Du côté de la conduite, la petite Mazda – elle gagne quand même 10 centimètres en longueur – garde le même comportement qui faisait le charme de l’ancienne. Avec les récents records de la SAAQ qui a frôlé le million de contraventions en 2008, il est très difficile de rouler avec une sportive sur nos routes. Pour la vie de tous les jours, une Mazda3 fait amplement l’affaire. Nerveuse, facile à manier et même confortable, elle devrait continuer de séduire ceux qui recherchent une voiture fiable, économe en carburant et un brin plus sportif que les autres représentants de la catégorie. Mieux encore, le modèle 2010 ne gagne que quelques kilos supplémentaires cette année. Le modèle d’entreé de gamme GX (berline et Sport) a toujours le brave quatre-cylindres de 2,0-litres sous le capot qui développe 148 chevaux et 135 lb-pi de couple, mais il est plus économe à la pompe. Pour les autres, les versions GS et GT ont du nouveau pour 2010. Le quatre-cylindres de 2,5-litres déjà utilisé à plusieurs sauces offre, quant à lui, 167 chevaux et 168 lb-pi de couple et malgré sa soif pour l’essence un peu plus prononcée, il en donne pour son argent.
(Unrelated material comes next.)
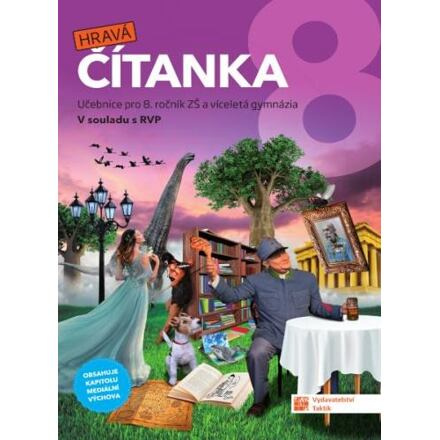 Hravá čítanka 8 - pracovní učebnice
Les Mazda3 viennent équipées de série avec une transmission manuelle à 5 rapports (GX) ou à 6 rapports (GS/GT) et en option, l’acheteur peut opter pour une automatique à 5 rapports avec mode sport sur toutes les livrées. Personnellement, même si la manuelle est plus énergivore, elle est beaucoup plus plaisante à conduire. Il faut bien s’amuser, non?

 

En attendant la Speed

 

Les plus extrêmes en veulent plus, bien plus. Rassurez-vous, il y aura une Mazdaspeed3 à l’automne et on a déjà hâte de l’essayer. Le moteur quatre-cylindres de 2,3-litres turbo revient quasi inchangé, tandis que la voiture adopte la nouvelle carrosserie de la Mazda3 en plus de voir arriver une entrée d’air sur la capot. Pour l’instant, les Mazda3 2010 s’avèrent un bon choix. Mazda ne prend pas trop de risques, même si la bouche avant de leur nouvelle 3 peut ne pas plaire à tout le monde, mais pour le reste, c’est une 3 améliorée sur beaucoup d’aspects. Des fois, il est plus sage de peaufiner au lieu de recommencer! Débutant à 16995$, la compacte de Mazda est une bonne petite voiture, mais il est aussi possible de faire grimper la facture à presque 30000$ si vous cochez toutes les options. Rendu-là, il faudrait peut-être songer à attendre le modèle turbocompressé, à moins qu’il ne reste que deux points de démérite à votre permis de conduire.